More about RSS

As I’ve blogged before here, RSS (Really Simple Syndication or Rich Site Summary) is growing by leaps and bounds, and if you haven’t yet gotten on the bandwagon so that you can experience its benefits, you are really missing out on a neat technology. This week CNET has an explanatory article that contains a video tutorial that’ll take about 5 minutes to view and that will provide you an excellent overview.

An additional way to become familiar with RSS is to check out a service I recently discovered on the web that is a web based FREE service called bloglines that makes it possible to experience RSS without having to purchase a free standing RSS reader, like FeedDemon, which is the one I use.

Also recently in an email exchange with my friend Phil Petty, he asked, “is there any redundancy, for you, between FEED DEMON and CEO EXPRESS (the site I use as my home page)? You seem to have access to your favorite periodicals/newspapers through CEO Express; why duplicate efforts? Do you feel you need both? why? what am I missing here?”

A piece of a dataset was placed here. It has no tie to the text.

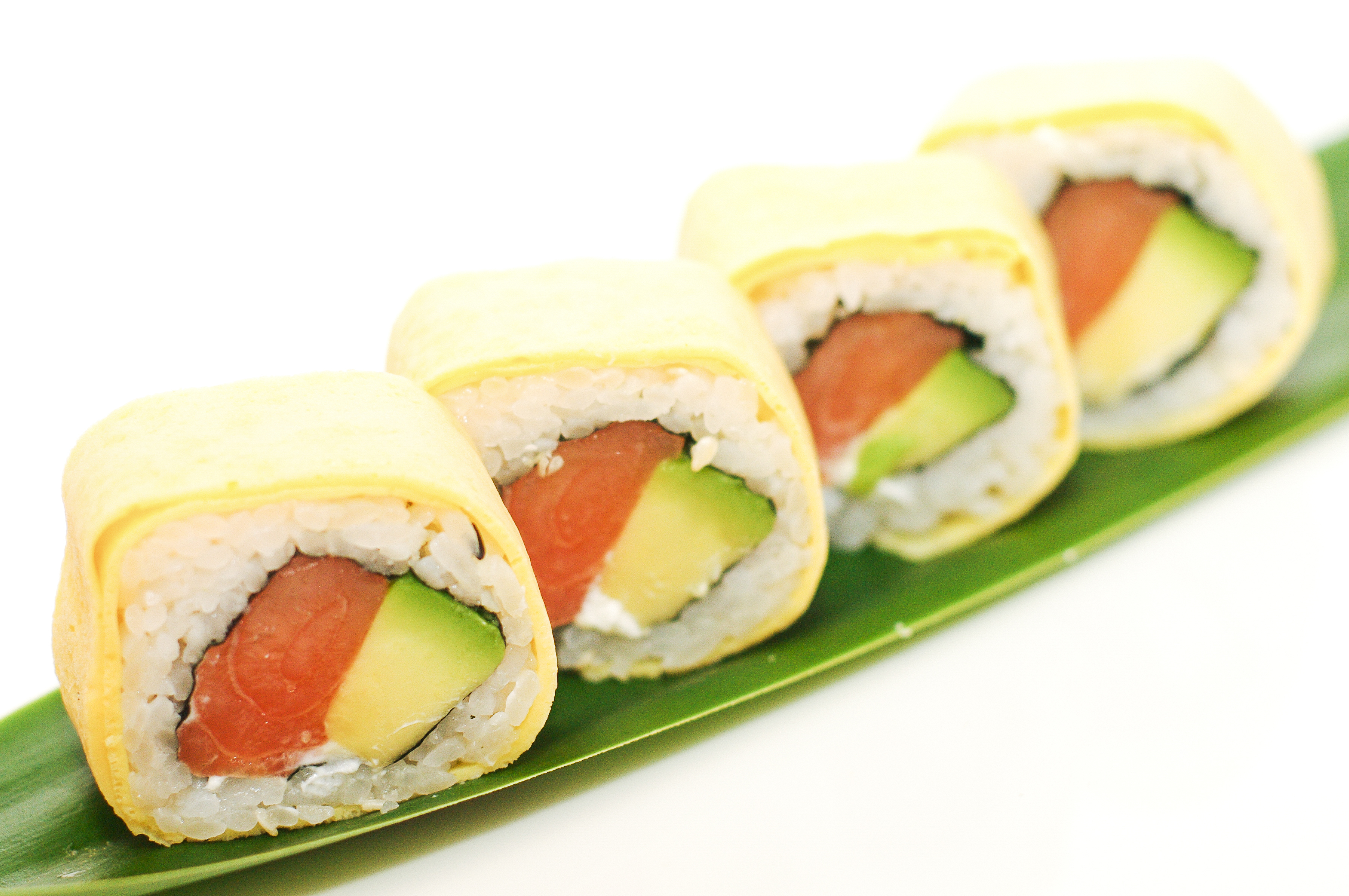 Tamago Rolls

My answer to him was, “As I said in my first response there is no duplication in these two applications. Yes, there are links on CEO Express, but they are not actively updated with the content that changes at the web sites daily. The RSS reader will pull up the content of MULTIPLE web sites and display the ‘headlines’ of that content along with a brief summary of it.” Then I added, “The thing that I think you might benefit from is trying the RSS reader rather than trying to understand it completely in the abstract BEFORE you download it. [Your current] approach … implies you are going to make a purchase, so you’d better learn about it first. That’s not necessary with something like this. You should, instead (again, in my opinion) download it, install it, try it out and see whether it offers you anything that you find valuable. If it doesn’t, then you can remove it after your 30 day trial period is passed.”

My suggestion to Phil and to all of you is that you experience this capability and THEN decide whether or not you find it useful. I’m confident that once you’ve tried it you’ll find that it is so much more convenient than simply browsing to different web sites to see whether they have changed that you’ll come to see this service as essential to your use and enjoyment of the Internet.